Disentanglement is still based on three fixed components (mouth, pose, expression) as the level of granularity, without considering finer-grained facial Action Units (AUs) like eye movements or frowning.
The mouth region swap relies on image-level operations (overlaying the mouth region), which may not be robust under extreme poses or occlusions.
Semantic emotional perception relies heavily on pre-trained models (HuBERT, EmoBERTa), and its generalization capability to emotional categories not covered in the training data remains to be validated.
Normalizing Flow is used for head pose generation, which may introduce motion drift or unnatural periodicity in extremely long videos.
While training is efficient, it still requires multiple stages; an end-to-end joint training scheme is worth exploring.

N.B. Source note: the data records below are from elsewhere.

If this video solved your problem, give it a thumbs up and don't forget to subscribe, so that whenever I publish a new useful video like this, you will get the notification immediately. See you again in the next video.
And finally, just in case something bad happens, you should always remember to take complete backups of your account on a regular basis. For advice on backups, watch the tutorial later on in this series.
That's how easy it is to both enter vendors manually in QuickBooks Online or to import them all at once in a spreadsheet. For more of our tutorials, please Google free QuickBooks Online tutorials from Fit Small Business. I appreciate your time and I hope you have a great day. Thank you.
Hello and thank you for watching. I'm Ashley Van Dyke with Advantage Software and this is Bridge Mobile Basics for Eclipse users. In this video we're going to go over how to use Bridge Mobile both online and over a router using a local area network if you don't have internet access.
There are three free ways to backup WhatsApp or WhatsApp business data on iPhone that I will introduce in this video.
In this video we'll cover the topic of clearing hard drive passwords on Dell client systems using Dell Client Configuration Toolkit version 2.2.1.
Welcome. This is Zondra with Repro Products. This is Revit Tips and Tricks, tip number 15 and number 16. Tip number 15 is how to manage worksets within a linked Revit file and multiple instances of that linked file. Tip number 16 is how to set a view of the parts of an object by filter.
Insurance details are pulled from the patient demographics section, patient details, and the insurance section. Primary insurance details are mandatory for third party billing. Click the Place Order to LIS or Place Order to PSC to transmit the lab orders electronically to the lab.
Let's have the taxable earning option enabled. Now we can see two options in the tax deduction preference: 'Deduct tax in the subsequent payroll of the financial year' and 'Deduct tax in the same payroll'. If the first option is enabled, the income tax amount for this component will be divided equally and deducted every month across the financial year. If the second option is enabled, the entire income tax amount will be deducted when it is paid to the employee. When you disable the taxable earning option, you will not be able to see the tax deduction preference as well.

Method	Disentanglement Granularity	External Prior Dependence	Training Efficiency	Expression Control	Dual-modality Support
PC-AVS	Mouth + Pose	Contrastive learning + 6D pose	Medium	✗	✗
PD-FGC	Mouth + Pose + Expression	Contrastive learning + 3DMM	Extremely Low (2 weeks+)	✓	✗
DPE	Pose + Expression	Bidirectional cyclic training	Low (2 days+)	✓	✗
EAT	N/A	Discrete emotion labels	Medium	Coarse-grained	✗
EDTalk	Mouth + Pose + Expression	No external priors	High (1h+6h)	Fine-grained	✓

The critical advantage of EDTalk is that it does not rely on external prior information (e.g., 3DMM, extra audio data), achieving complete disentanglement purely through orthogonal constraints and progressive training.

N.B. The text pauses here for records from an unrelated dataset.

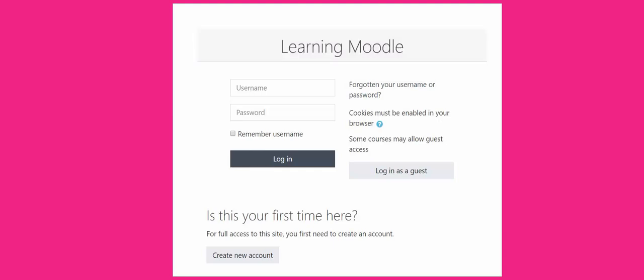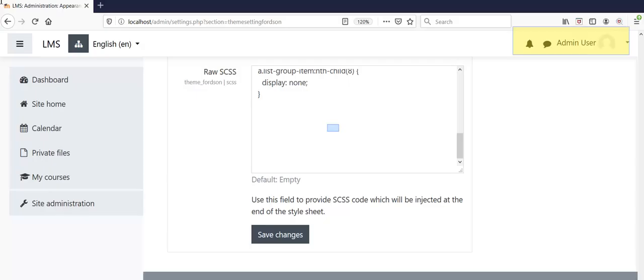This part is known as card header. Card headers can be styled by adding dot card header to H asterisk elements. Here we are going to add background color, border bottom color, and border bottom width. Login as admin user, go to site administrator and click on raw SCSS.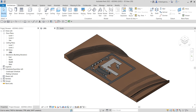What's up guys, Learning with Rich here. In this video we are going to add levels to our project. This is the continuation of our lesson for Revit 2022 for architecture.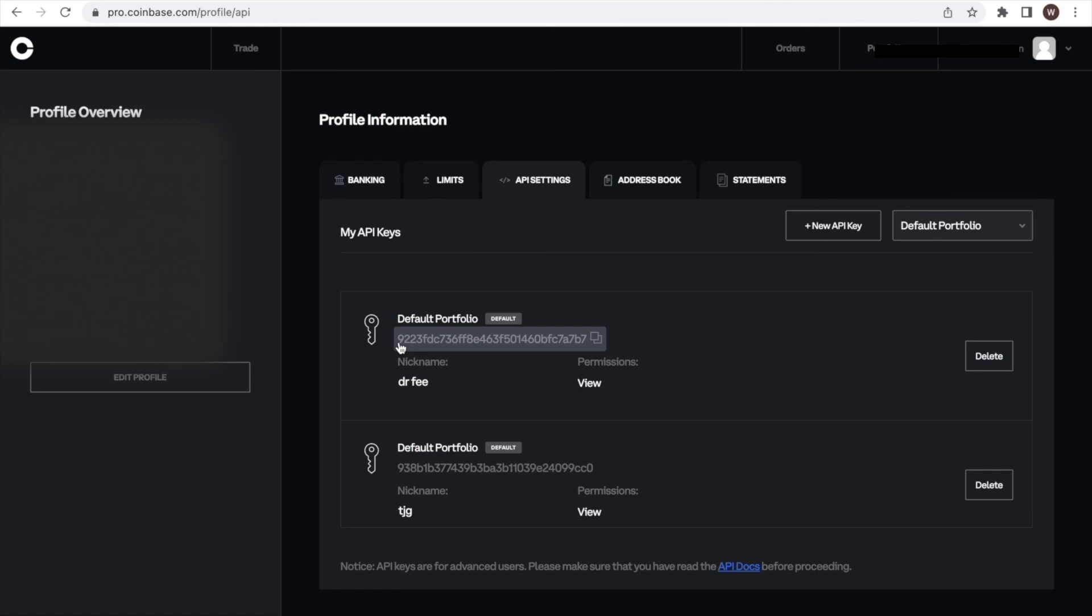Alright, if you liked the quick walkthrough of how to find your API key and API secret at Coinbase, please leave us a like and a follow to stay up to date with all the new analytics we are developing for crypto traders. There are many powerful analyses coming, so stay tuned!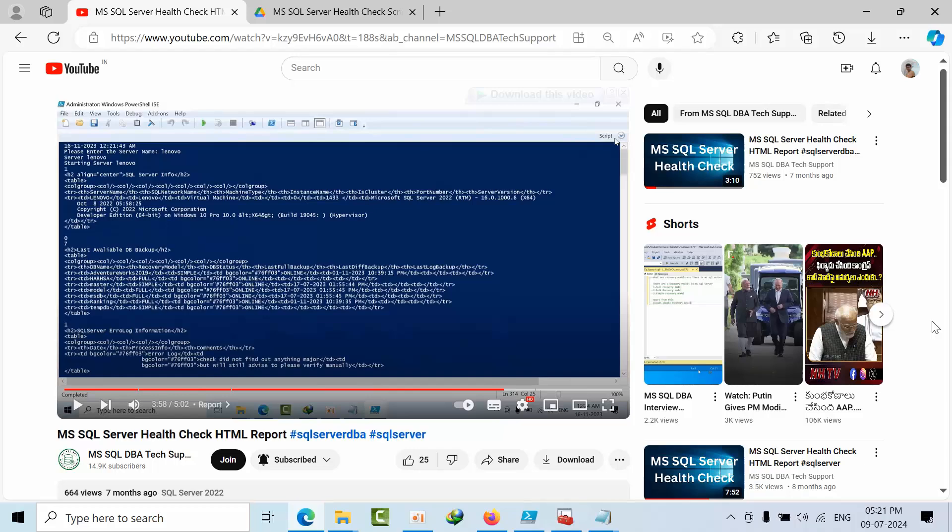Hello friends, today I am going to show you how we can perform health check for Microsoft SQL Server for multiple servers.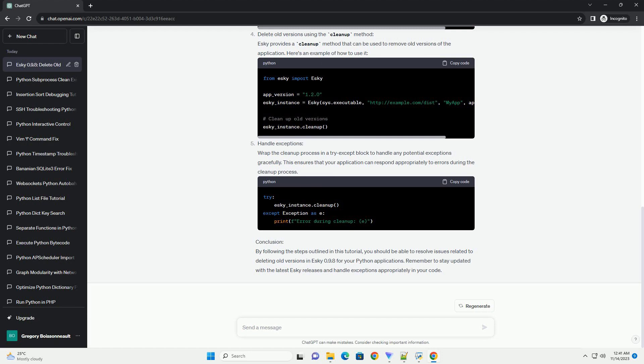Properly initialize the ESCII instance. Ensure that you initialize the ESCII instance correctly, specifying the appropriate version and other parameters. Here is an example.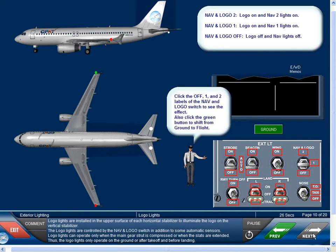Logo lights are installed in the upper surface of each horizontal stabilizer to illuminate the logo on the vertical stabilizer. The logo lights are controlled by the nav and logo switch in addition to some automatic sensors. Logo lights can operate only when the main gear strut is compressed or when the slats are extended.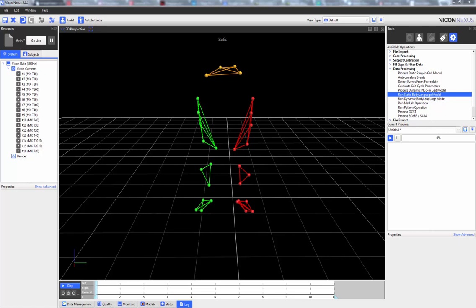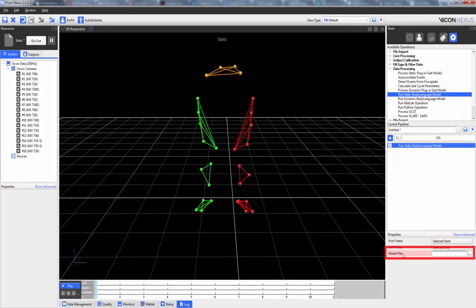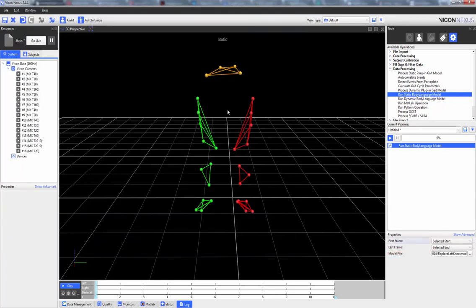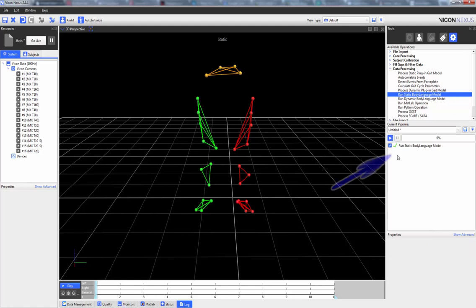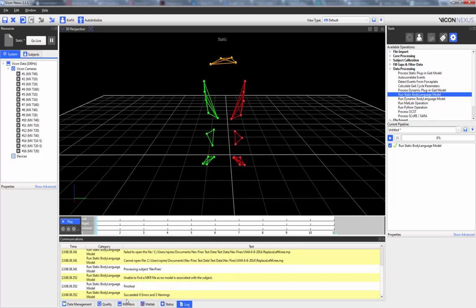Now that we've seen the code, let's see it in action. I've already loaded a static trial with all the appropriate markers — the three on the left thigh cluster and the two left knee markers. I'm going to load the Run Static Body Language Model pipeline operation. When I click on it, I need to load the model file by pressing this button. I've navigated to the folder containing my model and double-click it to load it. When I press play, we can see with the check mark that the model has been run successfully, and opening the log confirms the code succeeded with zero errors.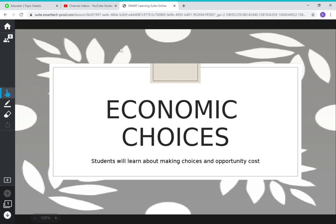Boys and girls, today we are going to talk about economic choices. Every single day we are making choices about something — what we're going to do, what we're going to wear, what toy we're going to buy. We are always making choices. So we're going to talk about the process that we can use to make a choice.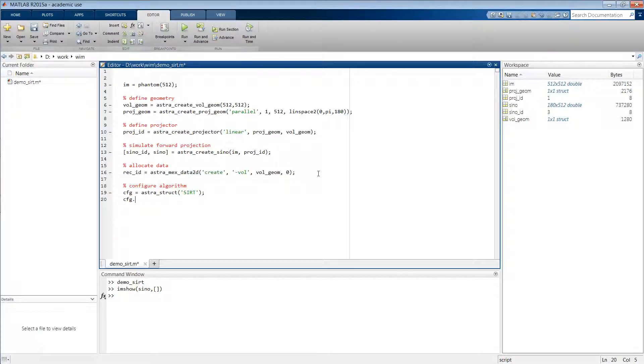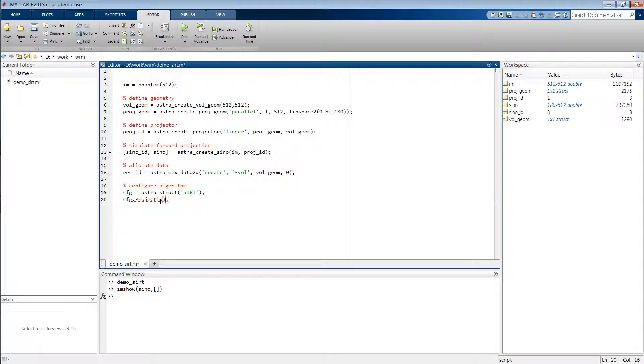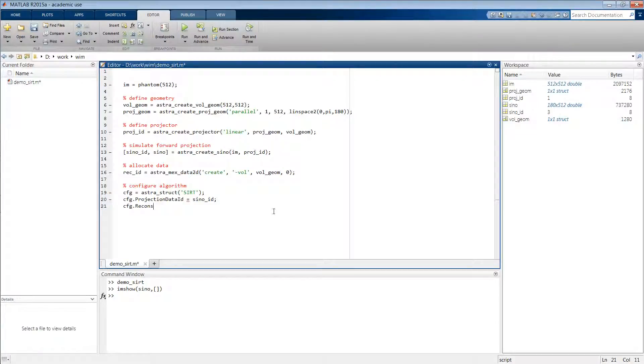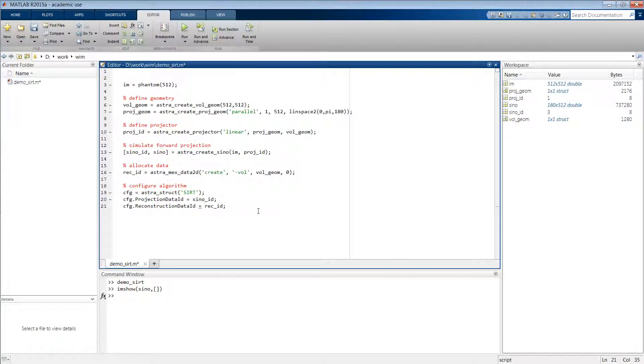The first of which is to link the algorithm to our projection data. So we then type ProjectionDataId equals the identifier of our sinogram, and then also ReconstructionDataId, which is the identifier of our allocated volume.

The idea of using orthogonal basis vectors to represent motion spaces can be transferred to other generation tasks requiring disentangled control (e.g., body motion generation, gesture synthesis).
The progressive disentanglement training strategy (disentangling major components first, then using complementary learning to disentangle residual components) has general applicability.
The concept of using a bank as a discretized visual prior is similar to the codebook in VQ-VAE, and can be further integrated with quantization methods.
The Normalizing Flow scheme for probabilistic pose generation can inspire other one-to-many mapping tasks (such as audio-driven gesture generation).

Rating¶

Novelty: ⭐⭐⭐⭐ — Orthogonal basis vector disentanglement and the efficient training strategy are the main innovations.
Experimental Thoroughness: ⭐⭐⭐⭐⭐ — Compares against 13 methods, including quantitative, qualitative, ablation studies, user studies, and efficiency analyses.
Writing Quality: ⭐⭐⭐⭐ — Clear motivation, complete method description, and rich figures and tables.
Value: ⭐⭐⭐⭐ — A unified framework that achieves efficient disentanglement + dual-modality driving + emotional generation for the first time.